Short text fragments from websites

▼

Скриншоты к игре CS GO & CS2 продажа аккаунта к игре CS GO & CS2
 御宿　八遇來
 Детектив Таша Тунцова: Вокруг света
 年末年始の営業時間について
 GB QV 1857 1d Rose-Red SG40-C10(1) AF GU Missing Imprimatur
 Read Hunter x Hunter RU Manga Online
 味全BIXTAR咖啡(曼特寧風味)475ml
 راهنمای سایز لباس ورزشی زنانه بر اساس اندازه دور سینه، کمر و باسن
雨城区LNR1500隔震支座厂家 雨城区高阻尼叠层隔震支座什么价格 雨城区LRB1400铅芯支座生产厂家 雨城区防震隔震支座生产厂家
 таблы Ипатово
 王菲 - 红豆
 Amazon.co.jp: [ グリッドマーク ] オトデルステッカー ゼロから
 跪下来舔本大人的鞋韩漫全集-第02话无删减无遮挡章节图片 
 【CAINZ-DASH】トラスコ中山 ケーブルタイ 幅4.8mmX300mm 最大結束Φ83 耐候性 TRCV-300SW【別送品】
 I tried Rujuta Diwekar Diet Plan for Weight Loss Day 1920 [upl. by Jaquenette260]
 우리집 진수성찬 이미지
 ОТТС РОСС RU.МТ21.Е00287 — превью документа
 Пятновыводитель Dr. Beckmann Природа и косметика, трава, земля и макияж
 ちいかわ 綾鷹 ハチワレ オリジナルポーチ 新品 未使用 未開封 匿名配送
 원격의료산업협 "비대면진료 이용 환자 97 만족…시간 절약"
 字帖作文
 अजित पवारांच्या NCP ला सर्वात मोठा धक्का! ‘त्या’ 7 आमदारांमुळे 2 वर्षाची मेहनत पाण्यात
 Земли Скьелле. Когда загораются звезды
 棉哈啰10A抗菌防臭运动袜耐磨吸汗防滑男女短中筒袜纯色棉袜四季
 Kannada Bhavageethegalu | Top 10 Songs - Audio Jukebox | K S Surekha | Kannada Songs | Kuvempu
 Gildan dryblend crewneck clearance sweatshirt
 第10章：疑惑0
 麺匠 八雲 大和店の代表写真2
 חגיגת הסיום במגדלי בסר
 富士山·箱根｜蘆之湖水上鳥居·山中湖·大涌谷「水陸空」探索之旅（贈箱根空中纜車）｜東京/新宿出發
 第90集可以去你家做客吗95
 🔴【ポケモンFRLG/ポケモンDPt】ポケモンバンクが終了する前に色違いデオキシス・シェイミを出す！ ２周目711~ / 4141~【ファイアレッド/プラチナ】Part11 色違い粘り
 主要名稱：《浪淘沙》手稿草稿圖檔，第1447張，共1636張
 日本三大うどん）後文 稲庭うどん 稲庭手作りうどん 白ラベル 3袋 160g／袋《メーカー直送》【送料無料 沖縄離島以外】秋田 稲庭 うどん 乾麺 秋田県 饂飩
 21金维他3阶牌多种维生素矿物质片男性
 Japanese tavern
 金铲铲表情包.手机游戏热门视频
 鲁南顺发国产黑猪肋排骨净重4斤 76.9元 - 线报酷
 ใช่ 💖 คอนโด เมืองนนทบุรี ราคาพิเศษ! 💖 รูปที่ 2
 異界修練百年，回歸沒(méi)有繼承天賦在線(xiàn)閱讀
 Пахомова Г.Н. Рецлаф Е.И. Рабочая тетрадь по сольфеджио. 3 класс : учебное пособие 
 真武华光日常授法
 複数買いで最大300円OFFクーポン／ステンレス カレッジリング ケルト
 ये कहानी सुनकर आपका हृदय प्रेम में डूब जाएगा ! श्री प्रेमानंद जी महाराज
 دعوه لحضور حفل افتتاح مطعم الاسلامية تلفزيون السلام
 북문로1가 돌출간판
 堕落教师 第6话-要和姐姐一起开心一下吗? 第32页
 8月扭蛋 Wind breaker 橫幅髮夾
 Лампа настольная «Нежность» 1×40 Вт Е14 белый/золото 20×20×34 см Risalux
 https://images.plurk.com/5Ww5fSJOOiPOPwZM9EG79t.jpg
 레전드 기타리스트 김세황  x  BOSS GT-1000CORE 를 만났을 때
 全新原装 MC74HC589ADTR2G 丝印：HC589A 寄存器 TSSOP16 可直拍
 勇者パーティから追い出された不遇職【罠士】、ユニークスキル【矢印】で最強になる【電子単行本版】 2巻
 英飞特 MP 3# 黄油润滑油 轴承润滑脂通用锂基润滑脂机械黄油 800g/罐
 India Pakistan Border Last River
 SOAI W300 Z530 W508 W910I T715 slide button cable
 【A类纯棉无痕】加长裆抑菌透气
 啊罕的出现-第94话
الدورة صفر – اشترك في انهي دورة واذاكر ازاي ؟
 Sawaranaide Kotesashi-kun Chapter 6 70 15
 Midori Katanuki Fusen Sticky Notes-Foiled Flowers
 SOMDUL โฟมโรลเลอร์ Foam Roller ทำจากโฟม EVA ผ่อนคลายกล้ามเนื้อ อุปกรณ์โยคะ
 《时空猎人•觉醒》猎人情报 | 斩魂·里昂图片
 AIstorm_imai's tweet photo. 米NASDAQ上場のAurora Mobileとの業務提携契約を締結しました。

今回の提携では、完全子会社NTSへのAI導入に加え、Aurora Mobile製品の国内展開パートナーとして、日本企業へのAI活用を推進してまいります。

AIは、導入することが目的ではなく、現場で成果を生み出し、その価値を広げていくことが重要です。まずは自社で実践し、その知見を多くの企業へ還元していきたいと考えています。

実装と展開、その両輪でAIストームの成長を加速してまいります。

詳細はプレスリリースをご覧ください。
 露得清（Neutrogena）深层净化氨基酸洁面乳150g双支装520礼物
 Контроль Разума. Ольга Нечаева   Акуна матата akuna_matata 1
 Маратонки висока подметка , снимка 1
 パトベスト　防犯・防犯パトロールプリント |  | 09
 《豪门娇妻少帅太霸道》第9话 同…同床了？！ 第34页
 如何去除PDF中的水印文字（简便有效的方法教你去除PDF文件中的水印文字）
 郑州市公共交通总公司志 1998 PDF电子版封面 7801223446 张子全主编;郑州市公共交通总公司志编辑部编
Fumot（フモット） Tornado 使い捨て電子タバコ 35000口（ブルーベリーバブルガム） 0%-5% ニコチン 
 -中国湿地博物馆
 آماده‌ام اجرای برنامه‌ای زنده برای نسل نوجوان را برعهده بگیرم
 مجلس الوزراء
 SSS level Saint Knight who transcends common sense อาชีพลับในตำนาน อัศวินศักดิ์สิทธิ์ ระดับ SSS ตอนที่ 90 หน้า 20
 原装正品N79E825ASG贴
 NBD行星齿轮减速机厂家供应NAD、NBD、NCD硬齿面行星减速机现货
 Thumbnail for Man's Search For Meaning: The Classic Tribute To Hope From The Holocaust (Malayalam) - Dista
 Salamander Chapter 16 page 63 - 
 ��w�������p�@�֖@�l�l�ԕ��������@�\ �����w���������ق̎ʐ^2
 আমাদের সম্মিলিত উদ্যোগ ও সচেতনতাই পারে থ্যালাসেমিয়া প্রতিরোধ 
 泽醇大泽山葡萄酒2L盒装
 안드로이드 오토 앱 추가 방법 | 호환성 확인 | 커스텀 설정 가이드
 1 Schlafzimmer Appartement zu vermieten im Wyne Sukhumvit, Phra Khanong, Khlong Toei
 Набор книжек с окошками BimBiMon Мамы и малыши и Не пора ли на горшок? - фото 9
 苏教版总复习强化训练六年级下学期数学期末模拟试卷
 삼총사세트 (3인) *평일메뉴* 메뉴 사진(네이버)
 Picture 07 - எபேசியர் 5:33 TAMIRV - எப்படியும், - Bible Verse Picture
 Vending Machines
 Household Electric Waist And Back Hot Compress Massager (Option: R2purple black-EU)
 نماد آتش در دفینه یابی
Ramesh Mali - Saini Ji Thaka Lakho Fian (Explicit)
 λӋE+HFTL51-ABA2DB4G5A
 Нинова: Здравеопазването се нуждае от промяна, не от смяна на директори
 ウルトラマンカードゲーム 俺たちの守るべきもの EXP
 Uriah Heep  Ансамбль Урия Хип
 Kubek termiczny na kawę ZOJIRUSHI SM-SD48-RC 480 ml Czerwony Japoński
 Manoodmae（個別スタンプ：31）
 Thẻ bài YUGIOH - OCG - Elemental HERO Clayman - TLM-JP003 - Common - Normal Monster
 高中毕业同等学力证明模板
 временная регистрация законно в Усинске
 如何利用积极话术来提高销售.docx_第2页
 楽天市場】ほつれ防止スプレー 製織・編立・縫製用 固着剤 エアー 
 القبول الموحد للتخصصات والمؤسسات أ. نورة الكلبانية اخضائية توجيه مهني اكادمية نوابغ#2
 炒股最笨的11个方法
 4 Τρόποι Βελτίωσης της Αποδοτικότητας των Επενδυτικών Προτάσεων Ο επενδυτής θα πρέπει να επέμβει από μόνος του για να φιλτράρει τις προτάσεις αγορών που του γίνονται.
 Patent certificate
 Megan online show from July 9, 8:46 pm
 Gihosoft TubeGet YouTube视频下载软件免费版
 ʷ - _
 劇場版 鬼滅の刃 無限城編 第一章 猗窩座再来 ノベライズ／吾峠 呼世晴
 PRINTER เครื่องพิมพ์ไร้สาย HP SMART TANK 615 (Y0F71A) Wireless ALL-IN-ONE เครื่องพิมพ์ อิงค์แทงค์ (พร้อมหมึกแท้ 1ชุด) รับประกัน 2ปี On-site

▲

• Task statement
Look through the entries above. Copy each line in which the string "Chapter" occurs.

• Task answer
 Sawaranaide Kotesashi-kun Chapter 6 70 15
 Salamander Chapter 16 page 63 - 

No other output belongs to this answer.